For the very first time, the contest final was broadcast live in the U.S., after an agreement was reached between the European Broadcasting Union and Logo, a cable network that is part of Viacom’s Music & Entertainment Group.
Israel’s entry was written by Doron Medalie. Medalie is at the contest for the second year in a row, after his song “Golden Boy” finished ninth last year.
Ukraine's Jamala struck a surprise gold with her "1944" song featuring lyrics about deportations by the Soviet Union in what could be one of the most controversial winners in the competition's history.
The 32-year-old Jamala sung about strangers coming to "kill you all", saying "we're not guilty" - in reference to the deportation of ethnic Tatars from Crimea by Josef Stalin during World War 2.

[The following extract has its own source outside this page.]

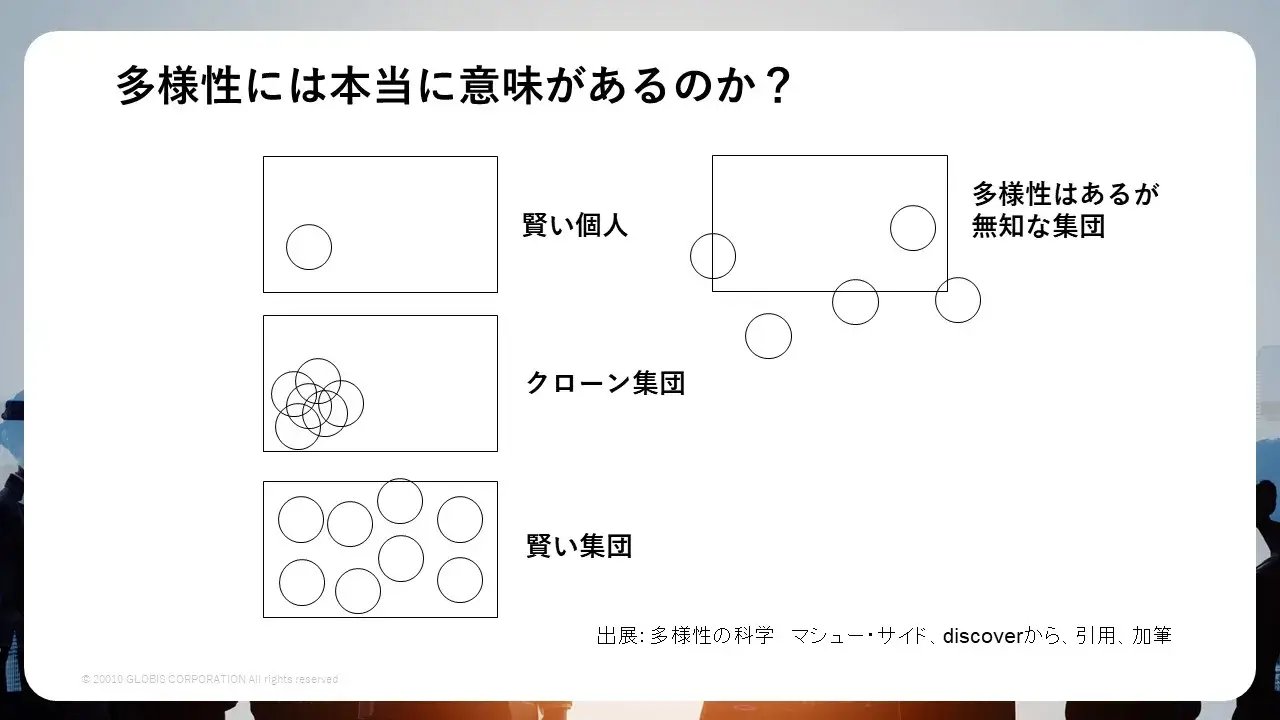 多様性には本当に意味があるのか？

Jamala, herself a Tatar, stood alone on the Stockholm stage singing "you think you are gods" against a blood-red backdrop. Stalin deported Crimean Tatars to Central Asia en masse, accusing them of sympathizing with Nazi Germany, and many died on the way or in exile.
While the public voting has long been tainted by political affiliations among competitor countries, songs are not allowed to be political but Jamala's entry seemed to come close to breaking that rule.
Event organizer, the European Broadcasting Union, had said Ukraine's offering did not contain political speech.
Russia came in number three with Australia which attended the competition for the second time after an invitation from organizers taking the number two spot.
Bookies had tipped Russia as winner followed by Australia and Ukraine tipped number three.
As late as last year, Ukraine decided not to take part in Eurovision with war ravaging the country.
The winning song led reporters and online commentators to draw parallels with Russia's annexation of Crimea in 2014.
Tatars, a Muslim people from the Black Sea peninsula, opposed the annexation, which followed the overthrow of a Moscow-backed president in Kiev.
Inside the stadium on Saturday, the world's biggest international music show took place with the audience dancing and partying.
But the hosts of the contests, last year's winner Mans Zelmerlow and comedian Petra Mede struck a serious cord already in the beginning of the final.
"This competition was created in 1956 to unify a continent torn apart by war, and right now Europe is once again facing darker times. That reminds us just how important this evening actually is," Zelmerlow said. And Mede filled in:
"Because tonight, we set aside any differences we might have, and unite through our love for music," she said.